The Department of Veterans Affairs’ top IT official has resigned from his post, raising more uncertainty about the fate of a long-delayed deal with Cerner to modernize the system’s EHR.
VA Acting CIO Scott Blackburn announced his resignation on Twitter Tuesday, calling it a "bittersweet moment." He posted a letter calling his nearly four-year career with the agency “the honor of my professional life,” but offered no reason for his resignation.
“My effort has always been about better caring for Veterans regardless of Presidential administration, Republican or Democrat—and I have been honored to serve alongside both in a bipartisan way,” he wrote.
This is a bittersweet moment in my career. Today I officially resigned my position at @DeptVetAffairs. It has been the honor of my life. Too many people to thank. Will continue to advocate for #Veterans in other ways. Next stop - time off for a few months :) pic.twitter.com/qN9HWWocjn— Scott Blackburn (@Srblackb) April 17, 2018
After he was appointed as interim CIO in October, succeeding longtime CIO Rob Thomas who retired after 35 years, Blackburn took over as one of the leading officials behind the system’s EHR modernization efforts that involved an estimated $16 billion deal with Cerner. Prior to his appointment, Blackburn served as the interim deputy secretary for eight months.

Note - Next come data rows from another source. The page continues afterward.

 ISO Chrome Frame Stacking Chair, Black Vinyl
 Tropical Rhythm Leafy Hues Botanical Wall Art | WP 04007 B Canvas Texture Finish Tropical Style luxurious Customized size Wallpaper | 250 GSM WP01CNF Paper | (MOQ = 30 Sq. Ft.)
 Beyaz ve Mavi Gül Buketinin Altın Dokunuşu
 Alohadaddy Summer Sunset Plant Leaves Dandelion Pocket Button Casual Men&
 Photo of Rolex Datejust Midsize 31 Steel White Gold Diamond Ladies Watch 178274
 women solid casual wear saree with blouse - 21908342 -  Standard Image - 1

Blackburn categorized the overhaul as “the largest implementation of a healthcare system EHR ever,” adding that the VA planned to lean on the off-the-shelf system while “absolutely minimizing the customization.”
His departure adds more uncertainty to the Cerner contract that was initially slated to be signed in November. Concerns about interoperability delayed the contract, and VA Secretary David Shulkin’s ouster raised new questions about when, or if, the deal would be finalized. After firing Shulkin, President Donald Trump named White House doctor Ronny Jackson as his replacement.
The VA did not respond to a request for comment and it remains unclear who will replace Blackburn as acting CIO.
Blackburn made no mention of the deal in his resignation letter but said he would remain “both VA’s biggest cheerleader and critic from afar."
“Veterans deserve the best from VA—and there remains a lot of hard work to get where the VA needs to be,” he wrote.